The reason for all of this division - for me - is becoming ever simpler.

We base our lives on the premise that we have rights.  That others are obligated to us.  Which means we are obligated to others.  Which means we are all obligated to each other.  Which is a lot of hard work without any real reward because so many of "them" refuse their obligation.  So there's no point me doing it either.

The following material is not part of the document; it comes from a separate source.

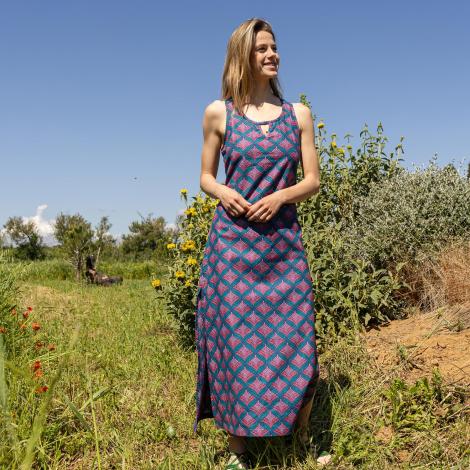 vestido MAITE algodón SPYKE azul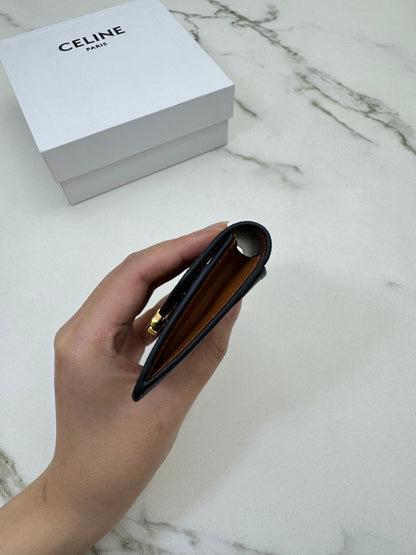 CELINE Triomphe 老花帆布 Cardholder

And I happen to agree with them.

It is an entitlement at the root of so much that is wrong.  So much that we perceive as unfair.  So much that drives us to fight with each other, differentiate ourselves from each other - and expect of each other.

The church does it.  That ongoing debate of about "legalism".  Poo-poohed by the enlightened.  Defended by the traditional.  The belief that the bible is a manual – a how-to – a should do (and will deliver on its promise if we keep our side of the transaction enough).  The other side says that is wrong – biblically wrong! – that all "that stuff" was ripped up when Jesus came and died on the cross for our sins.  Except – just like my unasked-for-creation – so too my unasked-for-sin that I was taught I was born into and of without any choice on my part.  A belief in sin that I have come to view as uninvited as my own creation.  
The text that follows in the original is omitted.